Baixinho, franzino, e de cabelos brancos e fartos, o aposentado Pedro Silvano nunca aprendeu a ler e escrever. Hoje, com 86 anos, afirma que já não tem mais interesse no significado das letras e das palavras. “Queria saber ler quando era mais novo. Agora não quero aprender pra não sentir remorso pelo que perdi”, conta num tom de voz remansoso.
Entre um gole e outro de café amargo, o aposentado relata que chegou a Paranavaí, no Noroeste do Paraná, em 1954, fugindo da estiagem que assolava Iguatu, no Ceará. “Abandonei minha terra, onde já não crescia nada, e vaguei como um retirante no final da década de 1940”, narra.
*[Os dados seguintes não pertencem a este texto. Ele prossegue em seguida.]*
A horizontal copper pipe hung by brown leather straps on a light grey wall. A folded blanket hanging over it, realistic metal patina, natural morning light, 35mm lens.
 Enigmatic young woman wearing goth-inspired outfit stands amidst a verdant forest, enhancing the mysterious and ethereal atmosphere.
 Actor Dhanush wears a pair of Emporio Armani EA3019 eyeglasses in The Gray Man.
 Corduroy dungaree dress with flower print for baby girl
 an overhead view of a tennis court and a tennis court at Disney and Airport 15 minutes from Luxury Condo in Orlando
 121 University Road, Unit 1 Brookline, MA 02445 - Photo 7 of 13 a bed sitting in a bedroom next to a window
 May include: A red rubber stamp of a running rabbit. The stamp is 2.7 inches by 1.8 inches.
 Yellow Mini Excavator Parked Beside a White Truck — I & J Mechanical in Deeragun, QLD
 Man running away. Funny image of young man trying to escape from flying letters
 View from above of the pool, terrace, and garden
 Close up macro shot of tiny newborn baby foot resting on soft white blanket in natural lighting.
A situação era a mesma que a vivida pelo vaqueiro Fabiano do romance “Vidas Secas”, de Graciliano Ramos, lançado na década anterior. Inclusive Silvano também sabia lidar com gado.
Acompanhado do irmão também analfabeto, chegou a São Paulo contando com a sorte e a gentileza de pessoas que encontrou pelo caminho. Viajou levando apenas duas peças de roupa, um saco de farinha com rapadura e um puído par de sandálias feito à mão. “Vivia numa selva de analfabetos. Difícil era encontrar quem sabia ler e escrever”, garante em referência aos anos 1940 e 1950.
Na capital paulista, viu pela primeira vez um arranha-céu – Edifício Altino Arantes, conhecido como Banespão, que o fez sentir-se “menor do que uma muriçoca”. “Tinha medo que aquilo caísse em cima de mim. Até comentei com meu irmão: ‘Quim, chega pra lá que não acho que a gente tá seguro aqui não. Melhor tirar os calço logo’”, lembra rindo.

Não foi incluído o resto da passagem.